The assessment form allowed Senators to grade each applicant.

The first section of the assessment form provides an opportunity for each Senator to comment on his/her knowledge of the applicant and how recent that knowledge is.

The second section invites comment on the criteria for recommendation identified in the Guide - Advocacy Skills, Legal Ability and Practice and Professional Qualities.

The third section allows the Senator to grade the application as follows:

A Well fitted for Silk now and sufficiently outstanding to merit appointment this year.

B Possibly ready for Silk now but not in the front rank of applicants for appointment this year.

C Not obviously fitted for Silk at present.

D Not fitted for Silk.

P This application is premature.

N Insufficient knowledge of the applicant to express a view.

Discussion with the Lord Justice General.

I met Lord Carloway on 6 June, and with Lord Carloway and Lady Dorrian, Lord Justice Clerk on 14 June 2016 to discuss the appointment process, the applications and his recommendations. The Lord Justice General provided his reasoning in relation to all the applicants, having carefully analysed the applications, references and the comments made by senators. He had discussed his recommendations with the Lord Justice Clerk. He provided me with an explanation for each recommendation. His recommendations reflected his desire to ensure that there is a suitable range of expertise available for instruction in the upper courts in Scotland. After these discussions, I was satisfied that the reasoning and decision making in relation to all candidates was robust and consistent with the guidance and criteria for recommendation.

Independent Observer's Comments

Recommendation for appointment of silks to the First Minister is a matter for the Lord Justice General alone, having considered all the information provided by applicants, responses from Senators and others consulted and his own knowledge of the applicants. There is no fixed quota of Queen's Counsel to be appointed in any year.
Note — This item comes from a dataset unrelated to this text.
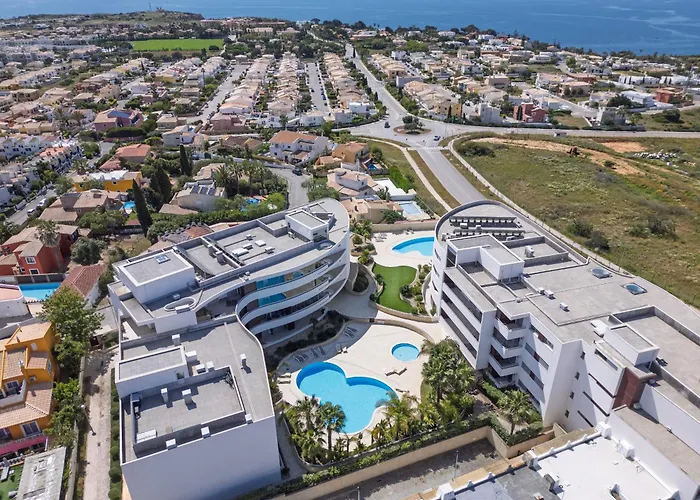 28 By Destination Algarve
The Lord Justice General endeavours to ensure that there is an adequate supply of Queen's Counsel providing extensive experience of appellate advocacy in the Scottish courts. He has a responsibility in relation to the efficient business of the courts to ensure a suitable range of expertise at the Senior Bar to promote public confidence. The Lord Justice General consulted with the Dean of Faculty and the President of the Law Society of Scotland to identify the extent of any perceived need to increase the number of Queen's Counsel in particular areas of legal practice.

The advertising arrangements were similar to last year and appeared fit for purpose. The time table for response was slightly shorter than last year however it gave candidates adequate notice to submit their applications. A wide range of media was used and it was appropriate for the category of appointment.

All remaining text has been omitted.